My Year 12 Specialist students are working on complex loci again. The following type of question always creates confusion.

$arg(z-w_1)$ is the angle the vector from $w_1$ to $z$ makes with the positive $x-$ axis, likewise for $arg(z-w_2)$ .

I am going to plot a possible $z$ and try to see the geometry that works.

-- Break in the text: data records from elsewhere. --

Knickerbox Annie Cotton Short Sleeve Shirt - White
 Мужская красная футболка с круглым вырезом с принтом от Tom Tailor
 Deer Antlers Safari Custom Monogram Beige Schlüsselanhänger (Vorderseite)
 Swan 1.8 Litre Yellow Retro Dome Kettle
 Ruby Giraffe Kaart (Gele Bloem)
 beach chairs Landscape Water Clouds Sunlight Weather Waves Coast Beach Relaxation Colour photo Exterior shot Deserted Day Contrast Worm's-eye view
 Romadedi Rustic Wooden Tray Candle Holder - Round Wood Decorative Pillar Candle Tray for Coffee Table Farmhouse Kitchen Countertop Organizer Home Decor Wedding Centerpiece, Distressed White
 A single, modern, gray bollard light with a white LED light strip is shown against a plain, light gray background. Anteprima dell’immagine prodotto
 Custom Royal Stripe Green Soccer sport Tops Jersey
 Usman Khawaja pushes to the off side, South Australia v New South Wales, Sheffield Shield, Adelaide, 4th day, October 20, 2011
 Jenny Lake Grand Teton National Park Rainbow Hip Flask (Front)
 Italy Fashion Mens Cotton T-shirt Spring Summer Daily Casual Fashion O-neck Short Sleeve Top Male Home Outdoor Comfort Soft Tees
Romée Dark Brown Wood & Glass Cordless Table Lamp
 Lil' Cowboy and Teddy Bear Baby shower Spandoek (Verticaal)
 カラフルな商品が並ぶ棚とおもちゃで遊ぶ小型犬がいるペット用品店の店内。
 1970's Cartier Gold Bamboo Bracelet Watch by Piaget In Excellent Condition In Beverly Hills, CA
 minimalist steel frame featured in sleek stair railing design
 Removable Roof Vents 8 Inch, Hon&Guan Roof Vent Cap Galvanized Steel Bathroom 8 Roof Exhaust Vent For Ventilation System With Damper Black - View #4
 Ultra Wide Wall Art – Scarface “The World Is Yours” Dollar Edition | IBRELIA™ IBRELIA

We want $arg(z-w_1)-arg(z-w_2)=\frac{\pi}{6}$

I am going to take advantage of some triangle geometry

Using the External Angle Theorem, we know $\alpha=\beta+\theta$

$\begin{equation*}arg(z-w_1)-arg(z-w_2)=(\alpha+\frac{\pi}{2})-(\beta+\frac{\pi}{2}0=\alpha-\beta=\theta\end{equation}$

Therefore $\theta=\frac{\pi}{6}$

So we want all of the $z$ values that have an angle of $\frac{\pi}{6}$

Now we are going to use some circle geometry -The angle at the circumference subtended by the same arc are congruent. So we need to find a circle that has those three points ( $z, w_1$ and $w_2$ ) on the circumference.

Hence the locus is

Now we need to find the radius and centre of the circle.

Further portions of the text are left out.